Published online by Cambridge University Press: 21 March 2011
The strategic approach and structuring of safety cases for nuclear waste repositories have seen marked improvements over the past ten to fifteen years as a result of the collective experience of national agencies in developing their safety cases and their efforts, under the auspices of the OECD Nuclear Energy Agency (NEA), to develop a systematic and thorough approach, as well as through systematic reviews by regulators and expert teams. A safety case can be developed at any stage in a program and it provides a remarkably effective method for reassessing design and siting requirements and refocusing R&D needs. The process of developing a safety case for a repository is the critical test of the quality of understanding that exists for a given repository concept, because it forces an integration of the siting and design strategies and the assessment approach. This integration demands that one evaluates all relevant R&D results available and addresses the questions i) is the system good? and ii) is the understanding sufficient, taking the stage of the programme into account?

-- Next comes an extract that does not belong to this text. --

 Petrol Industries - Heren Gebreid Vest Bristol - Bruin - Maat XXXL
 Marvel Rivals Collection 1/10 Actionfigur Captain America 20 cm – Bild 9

Here we address some questions on the relationship between R&D work and the development of a safety case, including:
1) Is the R&D performed in Europe evolving in concert with safety case development for European repositories?
2) How much generic work is still needed when robust site-specific repository concepts obviously lead to much more focused R&D?
3) How good is good enough and how do we measure this at each successive stage of repository development?
There are no easy answers to such questions, but they must increasingly be addressed as national programs progress.